Top of Task inputs

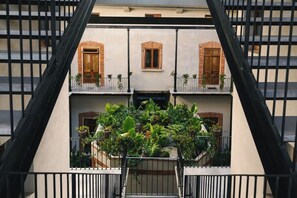 Interior - Cozy Contemporary Loft near Centro Histórico (Centro)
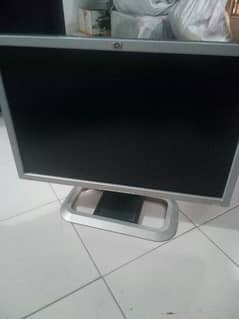 hp 24inch LCD monitor 0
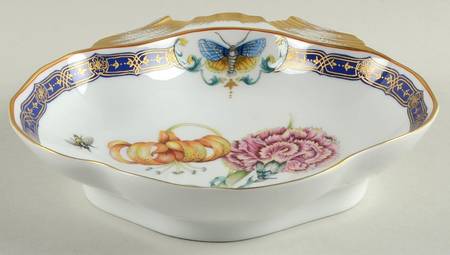Merian Shell Shaped Dish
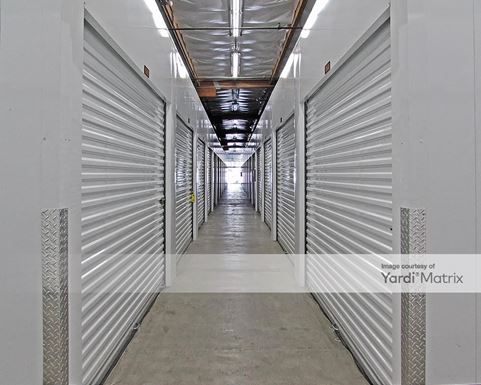 Source URL: https://cdnsc.rentcafe.com/dmslivecafe/3/1066888/1066888-1-4.jpg?width=-1&height=385&quality=80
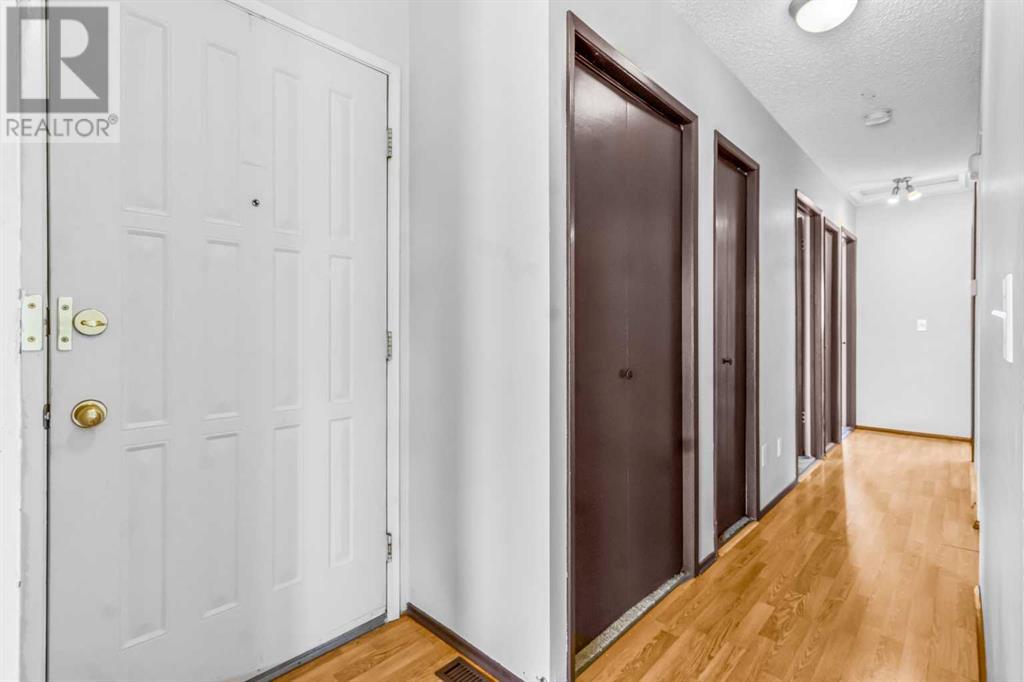 Single Family House Bungalow for Sale in  Bermuda Way NW Beddington Heights Calgary 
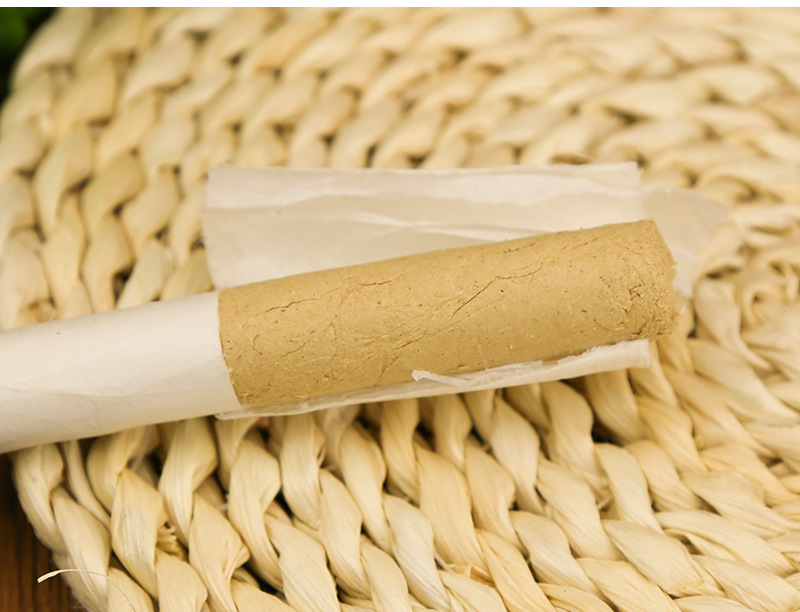 35:1 Golden Moxa Stick Ai Tiao 5-Year Aged Mugwort Moxibustion Roll 1.8x20cm 16g White Cotton Paper in use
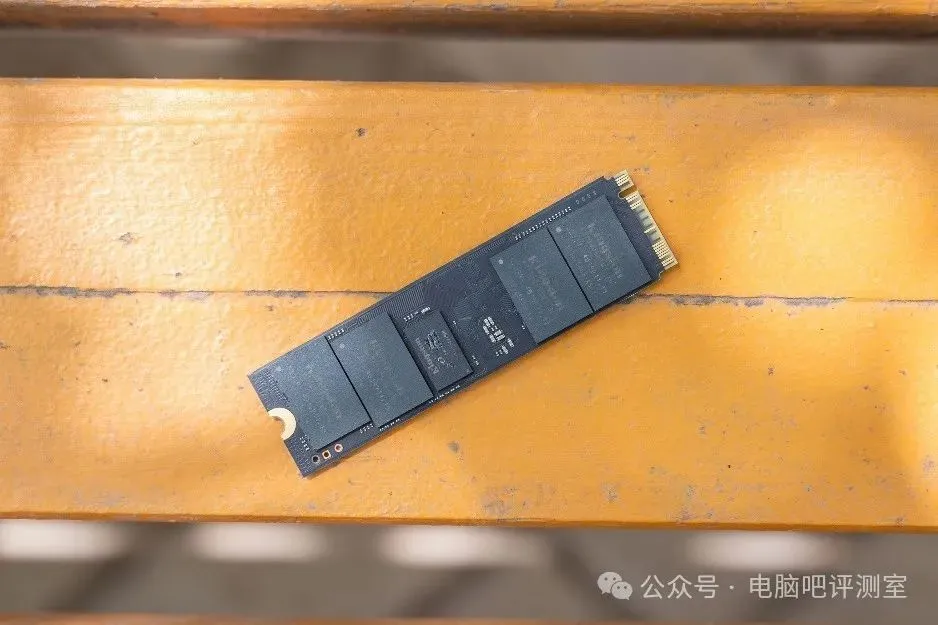 霸主铂金 DDR43000 内存模块：提升计算机性能的强大动力源泉  第3张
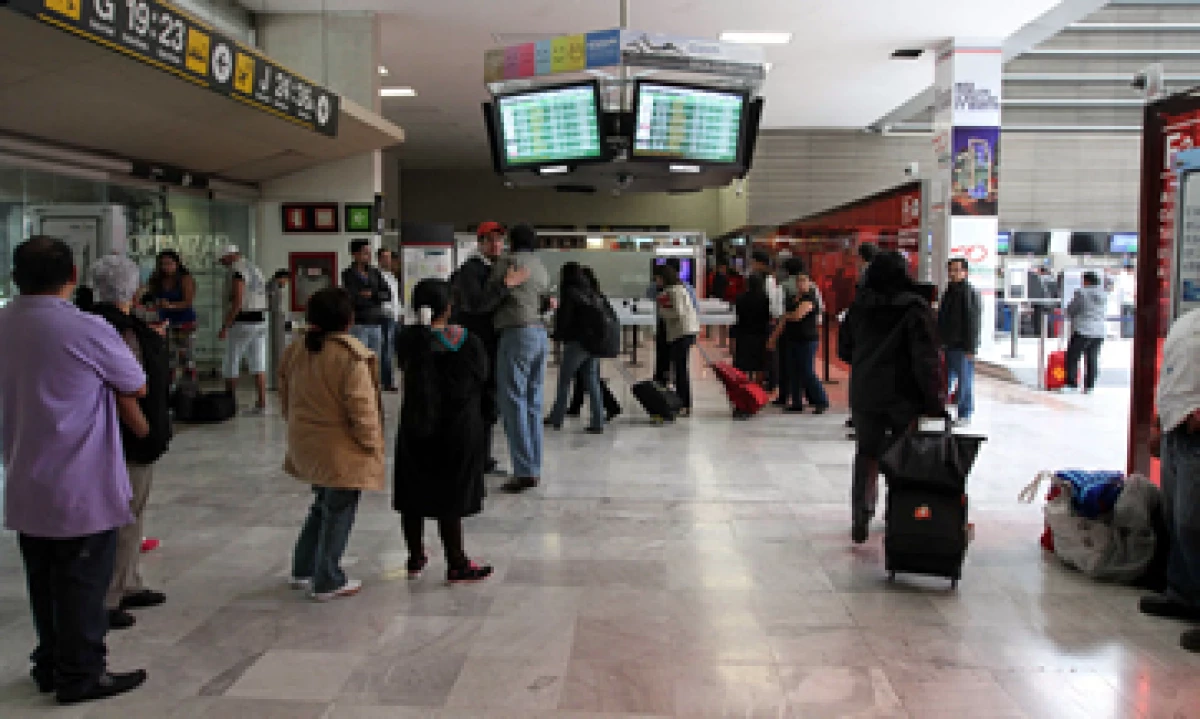 En 2013, el AICM aceptó 389,226 operaciones, 14% más que su capacidad máxima. (Foto: Notimex)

Bottom of Task inputs

Problem to work on
Your copy should begin at the line containing "35:1 Golden Moxa" and end at the last line of the data above, matching each line exactly and holding no pictures.

Written answer
 35:1 Golden Moxa Stick Ai Tiao 5-Year Aged Mugwort Moxibustion Roll 1.8x20cm 16g White Cotton Paper in use
 霸主铂金 DDR43000 内存模块：提升计算机性能的强大动力源泉  第3张
 En 2013, el AICM aceptó 389,226 operaciones, 14% más que su capacidad máxima. (Foto: Notimex)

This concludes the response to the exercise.